Many salaries are now too low, others too high, and the differences between departments and even different persons in the same office are a galling injustice. At present the work of the lowest grade of filing clerk is carried on under 105 different titles, with 25 different rates of pay. The proper grouping of places would correct this and make for better methods of testing fitness and for economy of examinations. It would provide a standardized, mobile force that could be sent from one department to another as need arose, thus avoiding the extravagant overmanning of offices to meet their peak loads. Great opportunity exists for the development of the examination system in the light of psychologic research and the experience of modern business, but the Commission has lacked funds. The whole matter of Federal promotions is in chaos, and the Civil Service Commission is without authority. A system of promotion examinations should be established and incident to it a system of efficiency records that would open the door to earned advancement or deserved dismissal. The entire task of perfecting entrance tests, determining relative efficiency in the service, providing opportunities for advancement, and discovering the unfit should be brought under one centralized control. The apathy or tenderheartedness of appointing officers, who would not have hesitated to make political removals under the spoils system, with respect to inefficient classified subordinates, brings a heavy burden on the taxpayers and undeserved discredit on the merit system.

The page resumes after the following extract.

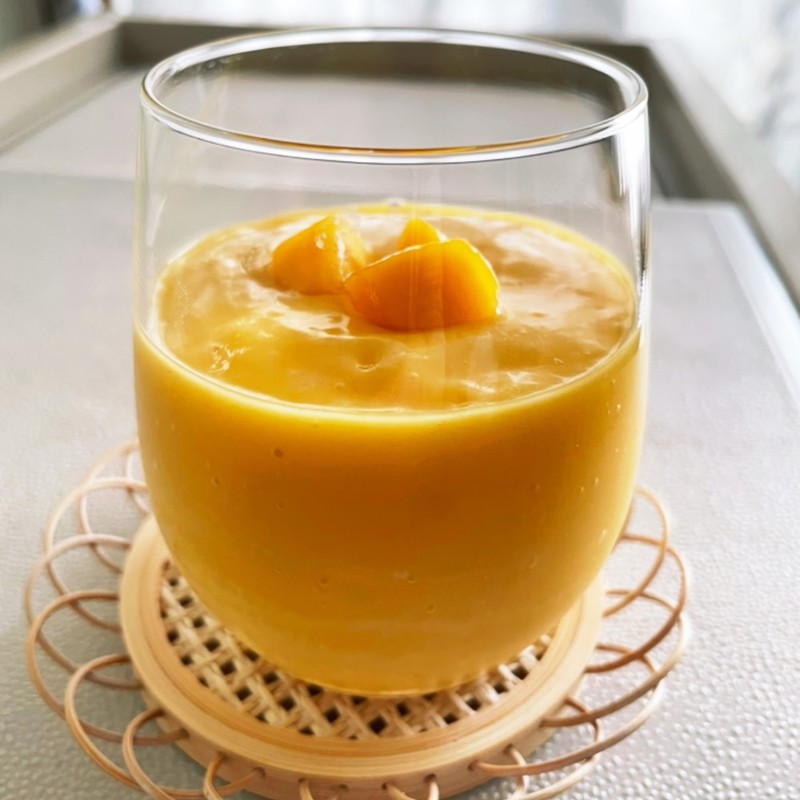 マンゴーピーチスムージーのレシピ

All these are necessary preliminary steps toward the development of a really scientific personnel system. The whole field of public service outside of the heads of departments and such subordinates as are concerned in determining public policies must be co-ordinated and taken out of the category of party patronage. Beyond lies the more difficult question of machinery for the redress of grievances. Some believe that the Civil Service Commission should provide this. Others believe that discipline can

only be enforced by leaving arbitrary power with office heads. But whatever mean may be taken between these two extremes, certainly some way must be found to secure fair consideration of the often reasonable complaints of employees, to open the door to suggestions for improvement by them and give them that legitimate influence over the conditions of their employment that enlightened private industry no longer denies. Take away from them pressure to affiliate with outside organizations because no other instrument for self protection seems to be at their hands, and such affiliation can be forbidden. Indeed it will scarcely need to be forbidden, for the alliance is not a natural one. But unless measures are taken to give employees a sense of fair treatment and partnership in their work, so that they are no longer mute and helpless under arbitrary superiors and a far-away and indifferent Congress, this alliance will continue with increasing

menace.

The Civil Service reforms of 1883 checked customs that threatened to swamp American statemanship and turn American politics into a mere base struggle for spoils. But the work is not finished. In more than three-fourths of the States of the Union the spoils system still dominates administration and bedevils politics. Down into the city and county services of a larger part of the country the political parties reach for the nourishment with which they build their organizations. There can come no healthy politics of ideas from creatures so fed. President Butler of Columbia University recently declared that "today the division of office holders, office seekers, and the voting public into Republicans and Democrats means little or nothing except struggle for public place and public authority". He strikingly drew attention to the lack of fundamental differences between the parties and made a plea for such reconstruction that they may really function as the exponents of vital and clearly differentiated principles. But how can sincerity and courage in the exposition of ideas, or even an agreement on national party policy, be expected from parties made up of State, county and city organizations dominated by and in turn largely concerned with the patronage of their own localities?